Author Interview: Leslie Glass

Author Leslie Glass is the creator of the popular (and wonderful) April Woo mysteries, featuring Chinese homicide detective April and her mother, the "Skinny Dragon". These are among the best police books being written at the moment, and if you haven't yet made April's acquaintance, you are really missing a bet. To find out more about her creator, read on; or check the website for reviews of several of her books.

Q: Most obvious question first - why a Chinese detective? It's a wonderful choice, and you really get such a sense of both April's character and culture in the books. Is she based on a real person?
A: April was an accident. I requested a female detective to interview, and NYPD assigned me a Chinese detective in Chinatown. I went down to talk to her at the Elizabeth Street Precinct. She was beautiful and smart, and I thought I would base a character on her for one book. She came from my imagination, and took over the series.

Q: What kind of research do you do, police-wise? April seems to "float" a bit to different precincts - is that realistic?
A: Detectives are reassigned every few years. In an active career, a cop could move half a dozen times. I've done a lot of research and watched the careers of many NYPD officers. If they're going to move up the ranks, they have to have lots of experience in many units.

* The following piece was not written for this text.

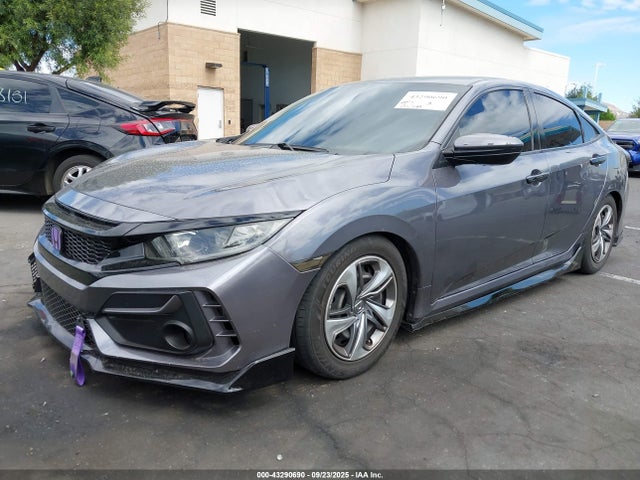 Honda k20c2 2018 2HGFC2F56JH564475 Image 2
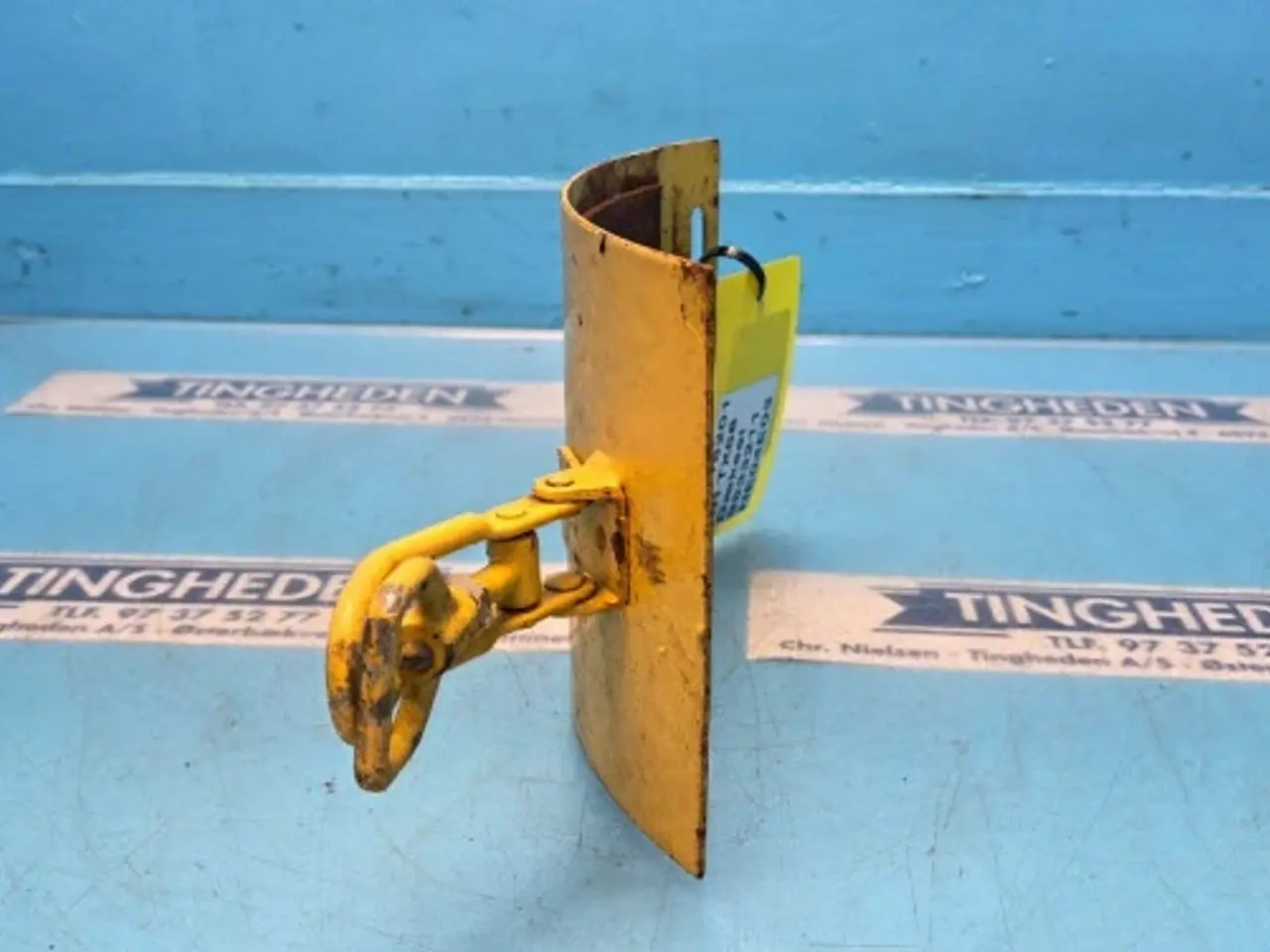 Billede 4 - New Holland TX68 Dæksel 9833211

Q: I've noticed, since the start of the series, that your books have gotten less graphically violent. I notice that with quite a few authors, and it's often welcome. Any reasons for that?
A: Over the years, my work has gotten less violent and graphic. I never enjoyed writing those really evil scenes. To write them well, one has to live in them, and basically I'm not a sadistic person. And I don't love reading those books anymore. I find that violence has gotten gratuitous in some novels. When five or six people have to die to get a story across, I'm just not interested. I'm still pretty noir, though. That will never change.

Q: Do you do any kind of elaborate outlining? Your plots are so complex - and so satisfactorily resolved. One of my favorites is Stealing Time with the missing baby. There were a lot of threads in that book.
A: That's a great question. Some editor told me my storylines were too simple, and I needed more subplots. I had no idea how to do it. Now, complications abound even before my main story is set in stone. I look back on books like Stealing Time and can't even imagine how I did it. I'm always looking back on my work and saying: I did that? I wrote that? It's a mystery to me because outlines don't work for me. It's all a journey of discovery, and I never know if I can pull it off.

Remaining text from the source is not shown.